La presse écrite est dans sa plus grande crise depuis son invention. Les jeunes générations n'ont pas cette habitude d'acheter le matin leur journal et de le lire à la terrasse d'un café comme c'était le cas pour nos aînés. Le lectorat s'érode fortement, et il n'y a pas eu de transition. De plus, l'avènement d'internet permet d'avoir une information continue, choisie et permanente. A terme, la presse écrite est condamnée à ne faire que du gratuit, à être rachetée par des grands entrepreneurs qui n'ont rien à voir avec ce milieu, au détriment de la qualité à mon sens. C'est le signe que la démocratie est peut être en train de mourir et que nous allons perdre des sources d'informations indépendantes. Si on ajoute à cela que le métier de journaliste n'est plus du tout un métier aussi valorisé et prestigieux, du fait de la collusion de beaucoup avec le pouvoir notamment, je suis assez pessimiste sur l'avenir de la fonction.
Et l'avenir pour vous ?
Pigiste, ce n'est pas pour moi.
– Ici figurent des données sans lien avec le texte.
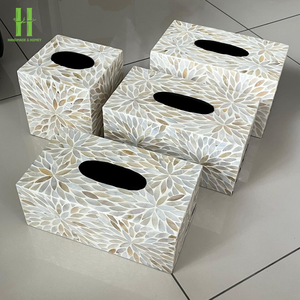 Nuevo diseño Rectangular Madre de perla MOP Caja de pañuelos Hecho a mano Capiz Shell Servilletero decorativo de Vietnam - Product Image 4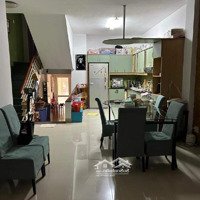Bán Nhà Đường Huỳnh Lan Khanh, Phường 2 Quận Tân Bình, 101M2, 5 Tầng, 5 Phòng Ngủ, Giá Bán 24 Tỷ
Il y a une énergie à déployer et il faut savoir se vendre. Si j'ai choisi la presse écrite plutôt que la radio ou la télévision, c'est avant tout car j'aime écrire, et que ces deux autres médias sont trop réducteurs et dans l'instantané. Je vais donc revenir à Paris, j'ai des propositions, je garde mes options ouvertes. Probablement pas dans le milieu du journalisme sportif, même si cette opportunité ici pour la Coupe du Monde était extraordinaire et que je la vis pleinement.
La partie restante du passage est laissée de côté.